WHAT THE TASK ASKS: Repeat the data that follows, word for word, without the images.

PROVIDED DATA:
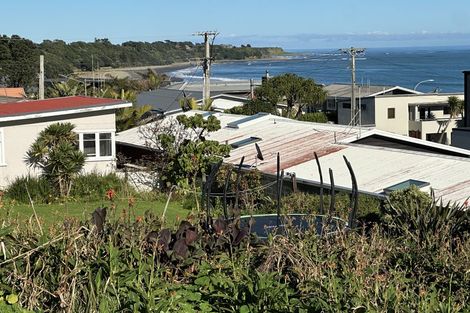 Photo of property in 9 Pitcairn Street, Oakura, 4314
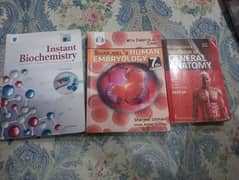 Medical books on discounted prizes.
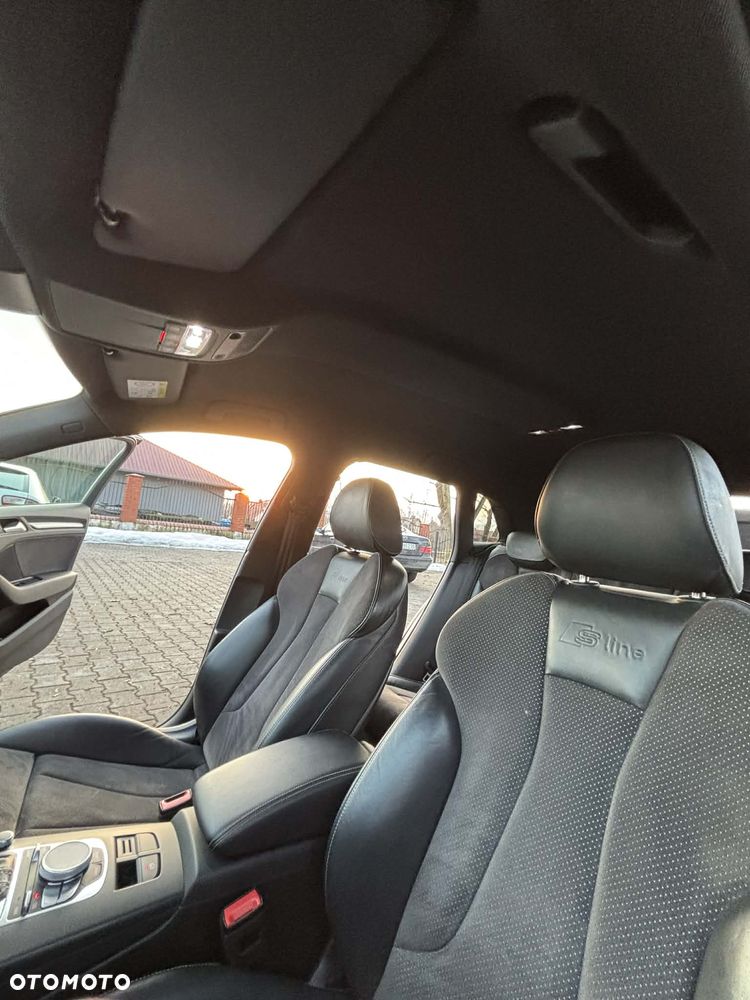 Audi A3 Sportback 2.0 TDI (clean diesel) quattro S tronic S line Sportpaket - 26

EXERCISE ANSWER:
 Photo of property in 9 Pitcairn Street, Oakura, 4314
 Medical books on discounted prizes.
 Audi A3 Sportback 2.0 TDI (clean diesel) quattro S tronic S line Sportpaket - 26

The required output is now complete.